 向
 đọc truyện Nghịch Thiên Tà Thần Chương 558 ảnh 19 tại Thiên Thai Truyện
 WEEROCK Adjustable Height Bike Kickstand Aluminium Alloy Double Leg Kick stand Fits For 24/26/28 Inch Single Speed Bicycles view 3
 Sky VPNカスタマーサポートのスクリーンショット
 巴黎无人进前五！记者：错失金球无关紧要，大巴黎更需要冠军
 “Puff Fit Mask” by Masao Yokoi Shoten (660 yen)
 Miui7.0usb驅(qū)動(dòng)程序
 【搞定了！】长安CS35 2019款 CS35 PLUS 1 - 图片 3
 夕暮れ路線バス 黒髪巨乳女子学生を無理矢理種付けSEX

········

◆ Task to carry out ◆
An exact reproduction of the listing is required, covering every entry.

◆ Exercise output ◆
 向
 đọc truyện Nghịch Thiên Tà Thần Chương 558 ảnh 19 tại Thiên Thai Truyện
 WEEROCK Adjustable Height Bike Kickstand Aluminium Alloy Double Leg Kick stand Fits For 24/26/28 Inch Single Speed Bicycles view 3
 Sky VPNカスタマーサポートのスクリーンショット
 巴黎无人进前五！记者：错失金球无关紧要，大巴黎更需要冠军
 “Puff Fit Mask” by Masao Yokoi Shoten (660 yen)
 Miui7.0usb驅(qū)動(dòng)程序
 【搞定了！】长安CS35 2019款 CS35 PLUS 1 - 图片 3
 夕暮れ路線バス 黒髪巨乳女子学生を無理矢理種付けSEX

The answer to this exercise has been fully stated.